• [Aim of the exercise]:
Repeat all of the records word for word, but skip any picture.

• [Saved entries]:
* * * * * * * * *

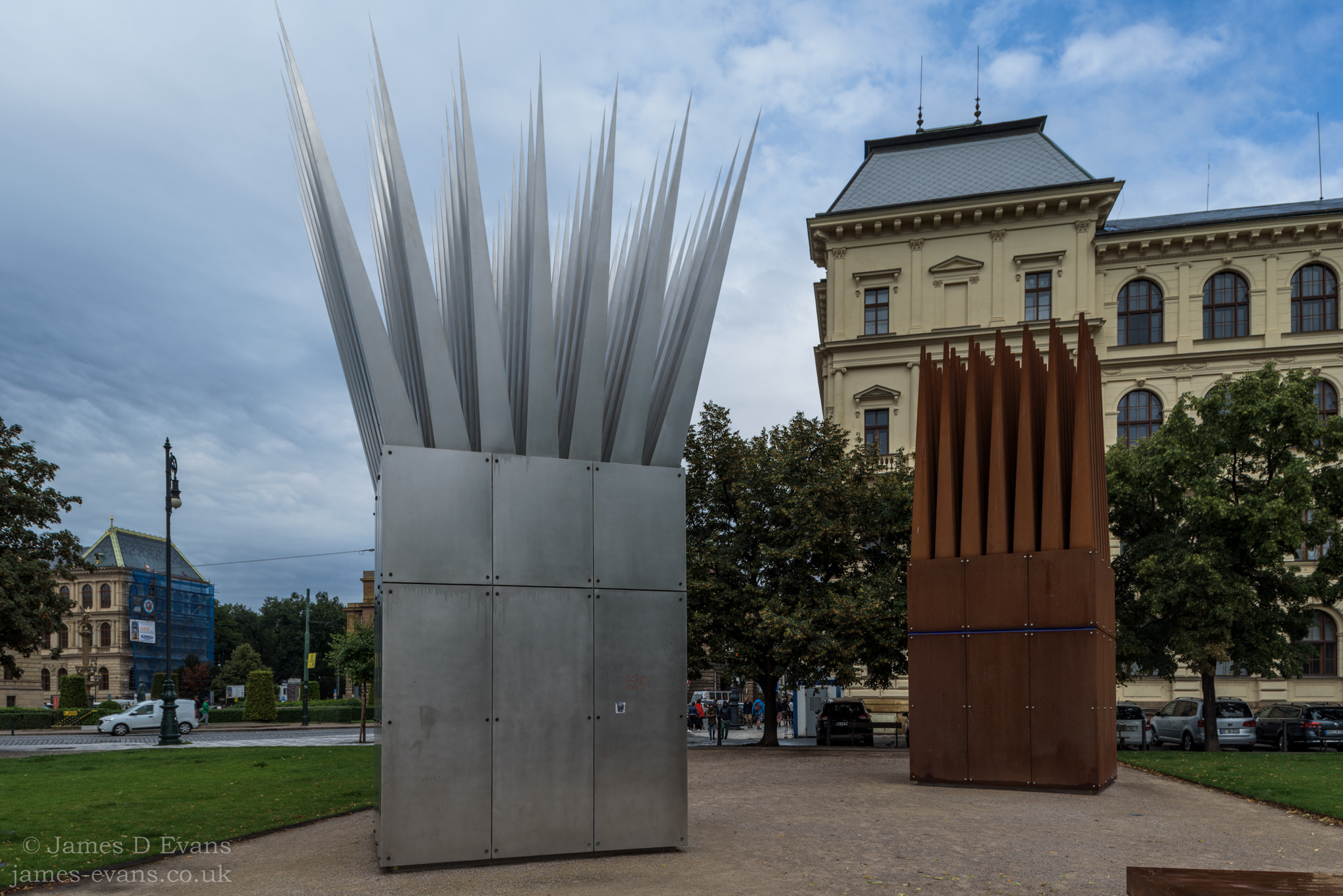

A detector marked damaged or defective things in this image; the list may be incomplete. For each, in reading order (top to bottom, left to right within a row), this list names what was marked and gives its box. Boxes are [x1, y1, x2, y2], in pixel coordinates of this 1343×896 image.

rusted corten steel sculpture [908, 315, 1117, 790]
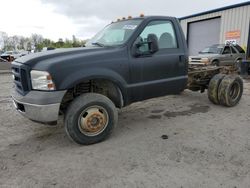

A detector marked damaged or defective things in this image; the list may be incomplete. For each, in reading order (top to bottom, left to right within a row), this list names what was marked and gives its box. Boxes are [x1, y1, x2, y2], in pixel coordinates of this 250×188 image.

rust on wheel [77, 106, 109, 137]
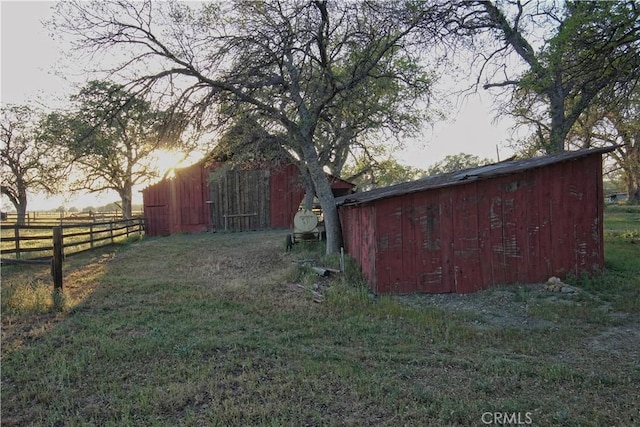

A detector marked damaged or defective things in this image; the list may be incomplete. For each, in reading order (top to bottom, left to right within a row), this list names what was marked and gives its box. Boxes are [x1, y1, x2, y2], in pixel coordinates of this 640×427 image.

rusty metal roof panel [336, 146, 616, 208]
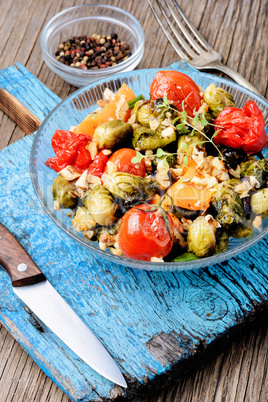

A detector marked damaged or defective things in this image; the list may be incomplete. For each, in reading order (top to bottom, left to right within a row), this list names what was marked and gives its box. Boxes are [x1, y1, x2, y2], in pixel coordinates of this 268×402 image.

charred wooden board edge [116, 302, 268, 402]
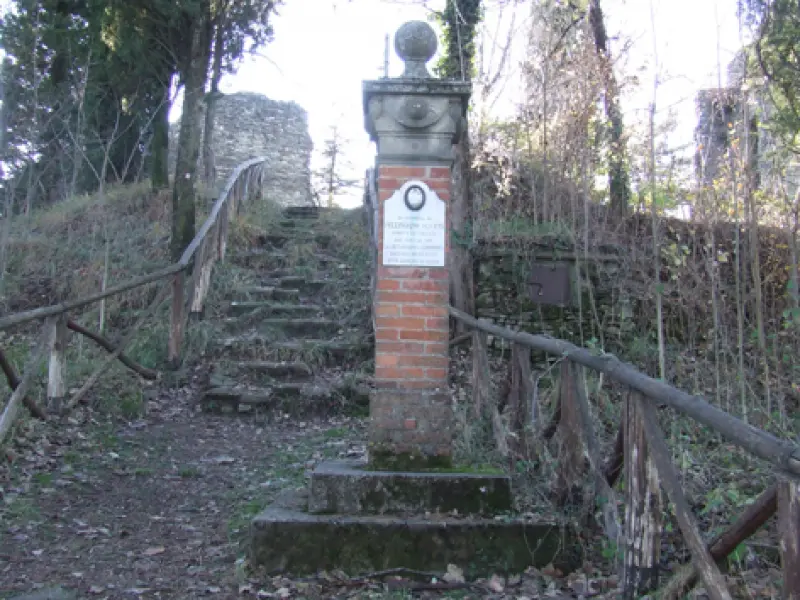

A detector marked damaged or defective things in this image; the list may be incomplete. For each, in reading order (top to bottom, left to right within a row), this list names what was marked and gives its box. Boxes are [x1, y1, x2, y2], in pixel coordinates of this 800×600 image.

rusty metal plate [528, 262, 572, 304]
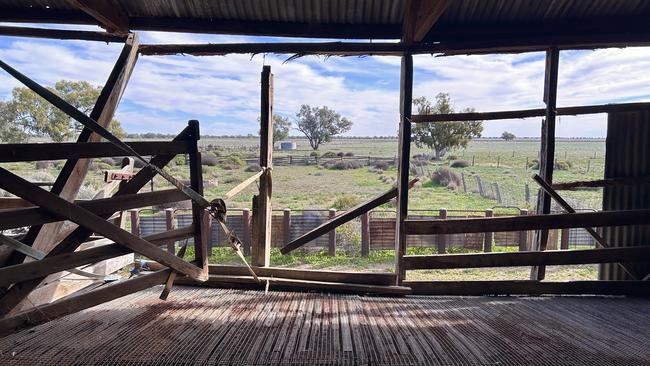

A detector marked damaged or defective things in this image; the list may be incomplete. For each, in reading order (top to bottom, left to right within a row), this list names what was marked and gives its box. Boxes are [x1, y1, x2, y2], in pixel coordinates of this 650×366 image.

rusted metal panel [596, 110, 648, 278]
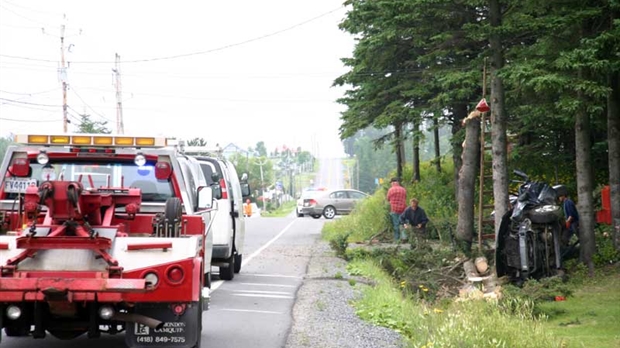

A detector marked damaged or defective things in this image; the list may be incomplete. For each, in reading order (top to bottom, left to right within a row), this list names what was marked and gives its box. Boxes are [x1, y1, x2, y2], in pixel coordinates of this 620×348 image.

overturned dark vehicle [494, 170, 572, 284]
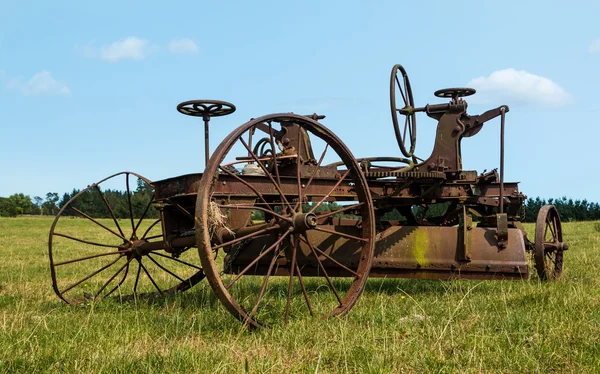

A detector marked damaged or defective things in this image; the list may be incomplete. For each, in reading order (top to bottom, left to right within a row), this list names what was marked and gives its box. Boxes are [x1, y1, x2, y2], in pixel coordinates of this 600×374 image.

rusty vintage road grader [47, 64, 568, 328]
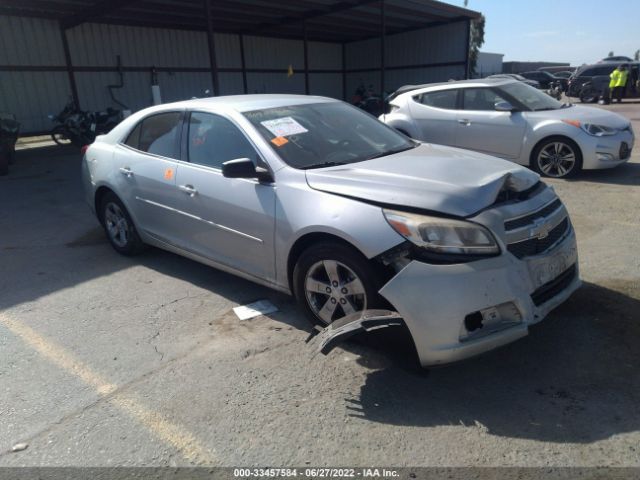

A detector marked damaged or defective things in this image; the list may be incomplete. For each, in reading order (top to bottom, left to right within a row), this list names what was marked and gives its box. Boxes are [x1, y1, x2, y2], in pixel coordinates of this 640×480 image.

broken headlight [382, 209, 502, 255]
crumpled bumper [378, 231, 584, 366]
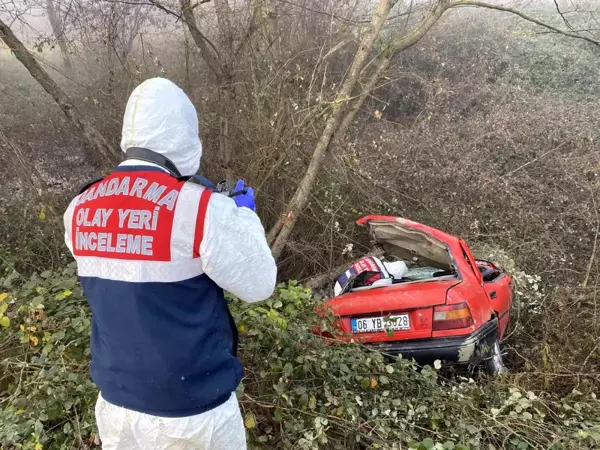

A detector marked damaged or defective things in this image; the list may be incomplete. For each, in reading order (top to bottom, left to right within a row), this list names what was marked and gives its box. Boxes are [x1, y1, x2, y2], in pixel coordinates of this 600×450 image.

damaged red car [322, 216, 512, 374]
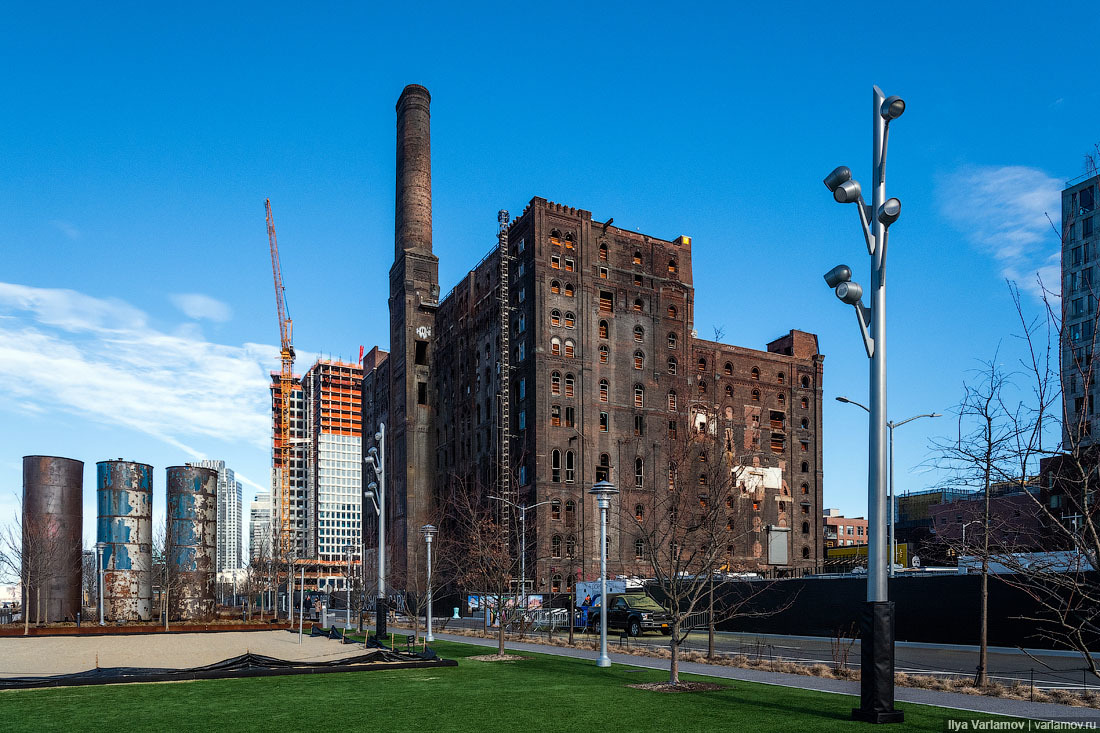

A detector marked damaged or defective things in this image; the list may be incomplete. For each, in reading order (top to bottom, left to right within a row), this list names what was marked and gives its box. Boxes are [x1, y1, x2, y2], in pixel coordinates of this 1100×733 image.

rusty steel silo [21, 453, 83, 620]
rusty metal surface [21, 457, 83, 616]
peeling paint on silo [22, 453, 83, 620]
rusty steel silo [95, 460, 152, 620]
rusty metal surface [95, 460, 152, 620]
peeling paint on silo [97, 460, 155, 620]
rusty steel silo [166, 462, 217, 616]
rusty metal surface [166, 462, 217, 616]
peeling paint on silo [166, 462, 217, 616]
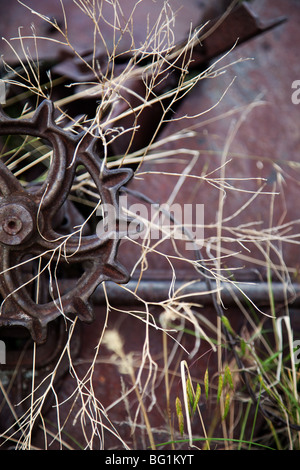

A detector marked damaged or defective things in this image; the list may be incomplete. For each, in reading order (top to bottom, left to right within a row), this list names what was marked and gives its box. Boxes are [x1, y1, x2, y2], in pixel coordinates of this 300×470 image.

corroded metal [0, 100, 132, 342]
rusty gear wheel [0, 100, 134, 342]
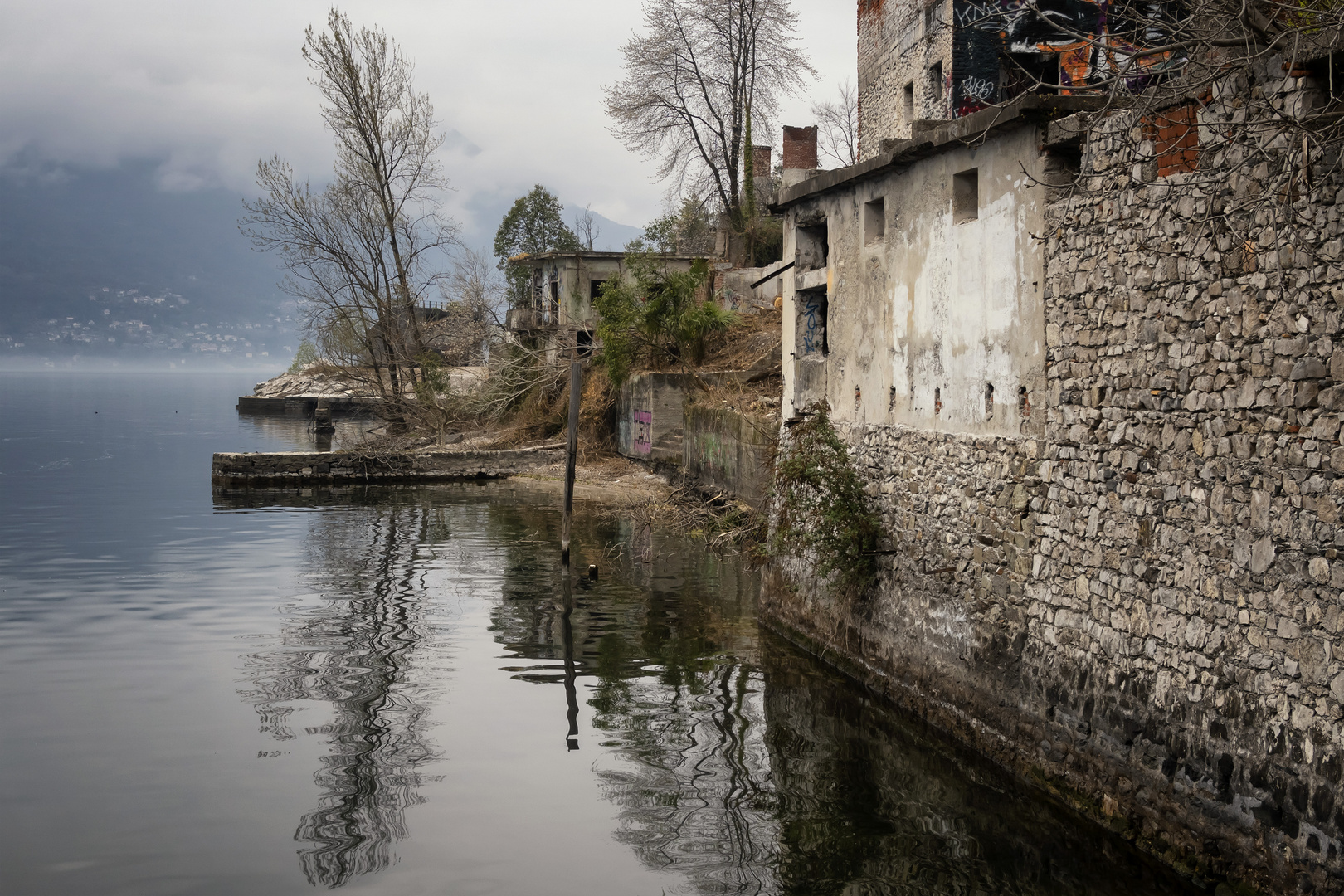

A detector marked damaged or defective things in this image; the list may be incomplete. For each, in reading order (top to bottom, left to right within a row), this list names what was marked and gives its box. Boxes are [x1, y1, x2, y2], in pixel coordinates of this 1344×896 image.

broken window opening [863, 197, 883, 244]
broken window opening [956, 168, 976, 224]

* * * * * * * * *

• [Answer for the task]:
A detector marked damaged or defective things in this image; the list may be incomplete. For each, in reading order (top to bottom, left to right within a row), this list names what was marked and gives its box. Boxes are [x1, y1, x2, y2], in pixel coordinates of this 1343×896 image.

rusted corten steel sculpture [908, 315, 1117, 790]

A detector marked damaged or defective things in this image; the list may be incomplete. For each, in reading order (top to bottom, left to right within a row), this list names what was marked and gives its box. Boxes are [x1, y1, x2, y2], in pixel coordinates of this 250×188 image.

rust on wheel [77, 106, 109, 137]

A detector marked damaged or defective things in this image; the list may be incomplete. For each, in reading order (top to bottom, left to right within a row), this list names what was marked and gives its box. Boxes are [x1, y1, x2, y2], in pixel coordinates of this 640×427 image.

rusty metal roof panel [336, 146, 616, 208]

A detector marked damaged or defective things in this image; the list may be incomplete. For each, in reading order (top to bottom, left to right within a row), this list names what was marked and gives its box. Boxes are [x1, y1, x2, y2], in pixel coordinates of this 268×402 image.

charred wooden board edge [116, 302, 268, 402]

A detector marked damaged or defective things in this image; the list may be incomplete. For each, in reading order (top to bottom, left to right within a row), this list names what was marked and gives its box. Boxes are [x1, y1, x2, y2], in pixel coordinates of this 800×600 image.

rusty metal plate [528, 262, 572, 304]

A detector marked damaged or defective things in this image; the list may be incomplete. For each, in reading order (top to bottom, left to right within a row), this list names what was marked and gives its box. Boxes are [x1, y1, x2, y2], in pixel coordinates of this 650×366 image.

rusted metal panel [596, 110, 648, 278]

A detector marked damaged or defective things in this image; the list may be incomplete. For each, in reading order (top to bottom, left to right within a row), this list names what was marked and gives its box. Boxes are [x1, y1, x2, y2], in pixel coordinates of this 620×348 image.

overturned dark vehicle [494, 170, 572, 284]

A detector marked damaged or defective things in this image; the list may be incomplete. For each, in reading order (top to bottom, left to right within a row), this list names what was marked and gives its box. Boxes are [x1, y1, x2, y2], in pixel coordinates of this 600×374 image.

rusty vintage road grader [47, 64, 568, 328]

A detector marked damaged or defective things in this image; the list may be incomplete. For each, in reading order (top to bottom, left to right within a row), this list names what was marked and gives its box. Boxes are [x1, y1, x2, y2], in pixel coordinates of this 640×480 image.

broken headlight [382, 209, 502, 255]
crumpled bumper [378, 231, 584, 366]

A detector marked damaged or defective things in this image; the list may be incomplete. For each, in reading order (top to bottom, left to right within a row), this list names what was marked and gives its box. Boxes are [x1, y1, x2, y2], in pixel coordinates of this 600×450 image.

damaged red car [322, 216, 512, 374]

A detector marked damaged or defective things in this image; the list may be incomplete. For each, in reading order (top to bottom, left to right within a row), this list names what was marked and gives its box. Boxes are [x1, y1, x2, y2], in pixel coordinates of this 1100×733 image.

rusty steel silo [21, 453, 83, 620]
rusty metal surface [21, 457, 83, 616]
peeling paint on silo [22, 453, 83, 620]
rusty steel silo [95, 460, 152, 620]
rusty metal surface [95, 460, 152, 620]
peeling paint on silo [97, 460, 155, 620]
rusty steel silo [166, 462, 217, 616]
rusty metal surface [166, 462, 217, 616]
peeling paint on silo [166, 462, 217, 616]

A detector marked damaged or defective things in this image; the list may be incomplete. For each, in reading order (top to bottom, left to right within a row), this list names what was marked and gives its box. Boxes are [x1, y1, x2, y2], in pixel coordinates of this 300×470 image.

corroded metal [0, 100, 132, 342]
rusty gear wheel [0, 100, 134, 342]

A detector marked damaged or defective things in this image; the list may be incomplete. For each, in reading order (top to bottom, left to right within a row), this list names what was marked and gives its box. Boxes are [x1, y1, x2, y2], in pixel coordinates of this 1344×896 image.

broken window opening [863, 197, 883, 244]
broken window opening [956, 168, 976, 224]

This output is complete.